= Quazi Mahfujul Haque Supan =

Associate professor of law

Quazi Mahfujul Haque Supan is an associate professor of law at the University of Dhaka and a member of the Justice Division Reform Commission of the Muhammad Yunus-led Interim government. Supan is a faculty member of the law school at the East West University and the Shanto-Mariam University of Creative Technology. He also teaches at the State University of Bangladesh, Northern University, Bangladesh, University of Asia Pacific, and Eastern University.

==Early life==
Supan completed his bachelor's and master's degrees in law at the University of Dhaka in 1993 and 1994, respectively.

==Career==
Supan was a member of a "people's probe body" led by Anu Muhammad to investigate medical college entrance question paper leaks in 2015.

In July 2019, Supan trained officers of the Anti-Corruption Commission in a training session organized by Transparency International Bangladesh.

Supan is a faculty member of the law school at the East West University and the Shanto-Mariam University of Creative Technology. He also teaches at the State University of Bangladesh, Northern University, Bangladesh, University of Asia Pacific, and Eastern University. He has been critical of the proposed Cyber Security Rules 2024.

After the fall of the Sheikh Hasina led Awami League government, Supan was appointed a member of the Justice Division Reform Commission of the Muhmmad Yunus led Interim government.
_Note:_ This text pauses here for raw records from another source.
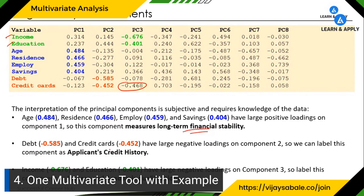The second principal component — debt and credit cards — can be named applicant credit history. The third — income and education — can be called income and academic qualifications. So instead of focusing on eight variables, the bank administrator now only needs to consider three principal components. This is the power of principal component analysis.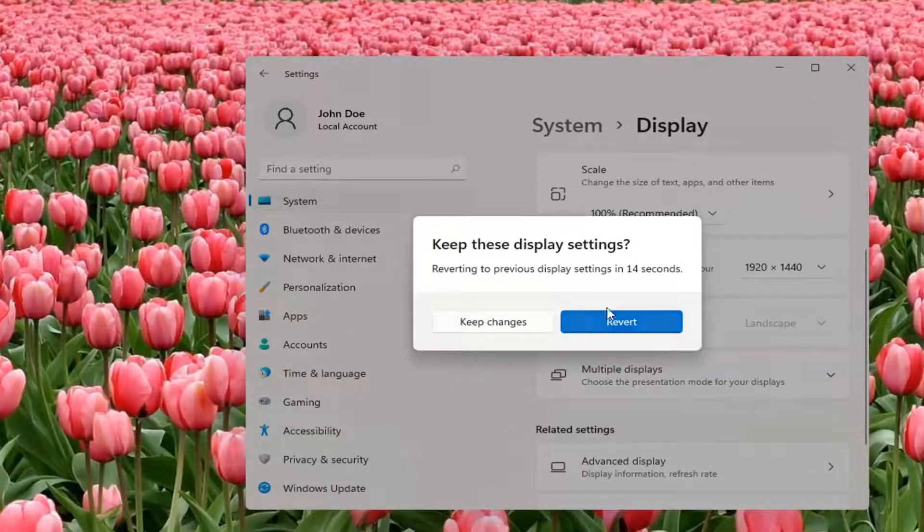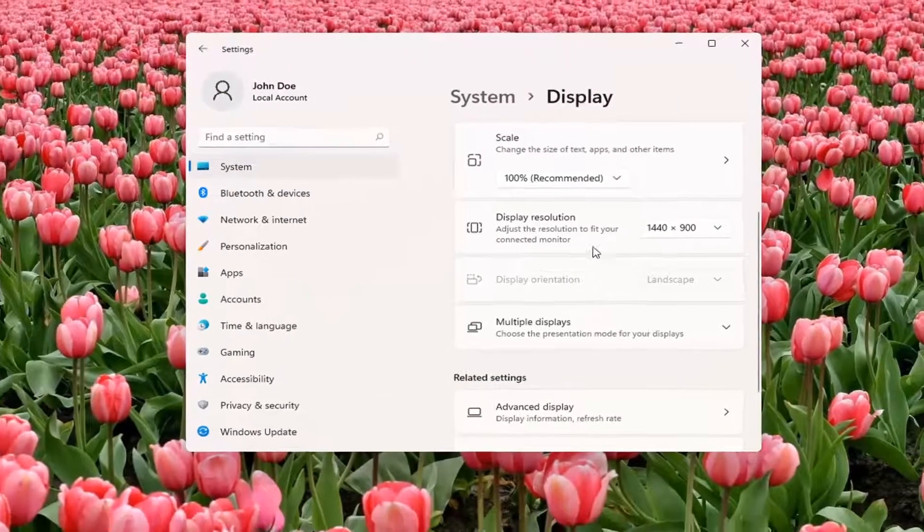And if you don't like the selected option, it will give you the option to revert. And that's pretty much all you have to do. So pretty straightforward.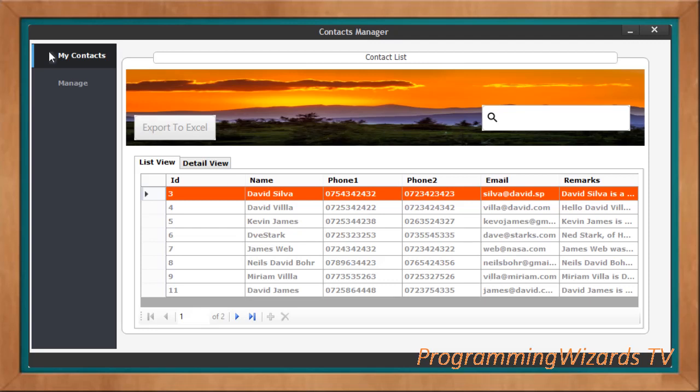Welcome to today's edition of Programming Users TV. We're going to have a full complete C# course where we're going to be developing various types of projects. In season one, we're going to develop a Contact Management System.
The Judicial Reform Commission recommended creating an entirely independent judicial system and an merit based attorney service. The commission also established a website to solicit ideas.

He was appointed head of a committee of the University of Dhaka to investigate violence on campus from 15 July to 5 August during the 2024 Bangladesh quota reform movement. The committee included Professors Mohammad Ekramul Haque, Nadia Newaz Rimi, Mohammed Almujaddade Alfasane, Nasreen Sultana, and Shehreen Amin Bhuiyan. The Committee recommended the expulsion of 128 students for participating in the violence, but critics argued that many more students participated in the violence.